When on a new food hunt this week, I saw a bin of jicama. (hee-ka-ma) When I got home, I looked it up and saw that it was a root vegetable and could be used in place of water chestnuts.
Perfect. I was thinking about making a pan of my favorite stew anyhow and one of the ingredients is water chestnuts – so I could substitute the jicama. Basically it’s kind of ugly, with blister like pox marks on the side and felt a little sticky (which the web informed me is fairly common because of some kind of wax that’s put on it.)
I learned that the best way to peel is to cut off the bottom so it sits flat on a cutting board and then cut down the sides (you can’t use a peeler.) So that’s what I did.
(Ok, so I’m not on Food Network and my knife cuts weren’t even – but they’ll do.)

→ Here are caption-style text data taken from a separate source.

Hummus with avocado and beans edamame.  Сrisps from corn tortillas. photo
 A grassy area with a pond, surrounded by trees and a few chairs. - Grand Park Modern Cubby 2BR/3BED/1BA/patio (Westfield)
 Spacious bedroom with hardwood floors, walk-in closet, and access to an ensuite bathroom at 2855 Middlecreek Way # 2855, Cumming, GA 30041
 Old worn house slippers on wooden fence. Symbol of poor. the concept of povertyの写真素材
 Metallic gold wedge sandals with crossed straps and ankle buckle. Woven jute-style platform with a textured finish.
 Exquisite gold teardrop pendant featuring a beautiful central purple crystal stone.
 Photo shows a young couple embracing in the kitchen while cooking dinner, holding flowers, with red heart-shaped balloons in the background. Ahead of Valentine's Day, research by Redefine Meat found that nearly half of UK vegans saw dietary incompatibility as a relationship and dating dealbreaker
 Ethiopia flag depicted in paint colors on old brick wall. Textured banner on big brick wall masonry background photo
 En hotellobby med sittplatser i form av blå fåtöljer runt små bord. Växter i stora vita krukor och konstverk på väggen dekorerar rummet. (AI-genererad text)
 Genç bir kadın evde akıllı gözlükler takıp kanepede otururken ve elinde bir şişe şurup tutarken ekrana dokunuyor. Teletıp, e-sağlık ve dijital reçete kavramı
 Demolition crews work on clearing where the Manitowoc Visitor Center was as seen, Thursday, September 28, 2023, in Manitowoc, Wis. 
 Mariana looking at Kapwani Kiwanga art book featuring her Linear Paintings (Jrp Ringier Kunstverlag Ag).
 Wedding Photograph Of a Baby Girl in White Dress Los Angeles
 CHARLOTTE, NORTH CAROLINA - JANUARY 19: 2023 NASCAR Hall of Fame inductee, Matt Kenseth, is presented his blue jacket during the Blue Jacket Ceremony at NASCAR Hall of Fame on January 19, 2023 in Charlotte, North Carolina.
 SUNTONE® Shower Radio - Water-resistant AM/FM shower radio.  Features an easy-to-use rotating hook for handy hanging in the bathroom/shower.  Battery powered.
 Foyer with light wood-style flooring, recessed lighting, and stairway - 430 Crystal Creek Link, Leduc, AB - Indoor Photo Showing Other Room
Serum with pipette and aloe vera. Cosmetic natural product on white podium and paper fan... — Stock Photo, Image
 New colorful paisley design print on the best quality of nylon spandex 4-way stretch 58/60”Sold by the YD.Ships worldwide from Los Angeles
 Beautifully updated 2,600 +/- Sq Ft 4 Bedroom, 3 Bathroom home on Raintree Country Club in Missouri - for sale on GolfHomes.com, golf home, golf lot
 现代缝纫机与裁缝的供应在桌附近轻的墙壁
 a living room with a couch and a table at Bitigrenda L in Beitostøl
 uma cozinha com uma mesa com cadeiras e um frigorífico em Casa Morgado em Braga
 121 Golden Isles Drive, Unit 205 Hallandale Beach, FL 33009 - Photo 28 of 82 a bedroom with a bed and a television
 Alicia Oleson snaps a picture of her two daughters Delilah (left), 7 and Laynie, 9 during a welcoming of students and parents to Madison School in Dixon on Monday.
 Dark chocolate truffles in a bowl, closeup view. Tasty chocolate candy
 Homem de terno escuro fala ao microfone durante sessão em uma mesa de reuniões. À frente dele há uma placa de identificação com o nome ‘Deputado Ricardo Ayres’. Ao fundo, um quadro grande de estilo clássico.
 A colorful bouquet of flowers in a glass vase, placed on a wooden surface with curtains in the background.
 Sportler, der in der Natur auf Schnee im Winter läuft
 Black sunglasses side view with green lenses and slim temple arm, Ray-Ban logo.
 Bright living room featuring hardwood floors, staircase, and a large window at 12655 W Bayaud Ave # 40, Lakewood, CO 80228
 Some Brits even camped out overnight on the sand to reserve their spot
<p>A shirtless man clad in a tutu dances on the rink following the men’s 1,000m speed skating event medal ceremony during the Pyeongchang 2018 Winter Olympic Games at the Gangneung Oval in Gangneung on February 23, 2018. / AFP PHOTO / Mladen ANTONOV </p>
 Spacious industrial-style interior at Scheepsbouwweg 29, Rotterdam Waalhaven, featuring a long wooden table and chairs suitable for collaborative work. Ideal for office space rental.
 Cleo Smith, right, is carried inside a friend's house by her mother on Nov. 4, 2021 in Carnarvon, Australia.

So one website said the taste was between an apple and a potato. Another said a combination of a potato and a water chestnut. Confessing something here – anytime I boil potatoes to mash, I always take a chunk of raw potato, put salt on it and eat it – so I know what raw potatoes taste like. And I know what apples taste like too. I did not taste apples or potatoes when I ate a piece of jicama. Nor was it a water chestnut/potato taste. I kind of thought it had it’s own unique taste and was more bitter than I was expecting.
Anyhow, I browned my onions and ground beef.
And put it in a baking dish with the jicama, tomatoes, beef broth, seasonings and lots of barley. (Barley is a must for me in any stew.) And I baked for a half hour.
After a half hour, I added a package of mixed vegetables and baked for another 30.
And I had my favorite barley/beef stew with the addition of jicama. I had already pretty much decided I was going back to water chestnuts next time around.
But actually, once it had been baked in the stew – the jicama really DID taste like water chestnuts and was just fine. A great substitute.
Not really sure how I would rate it. Maybe 5 out of 10?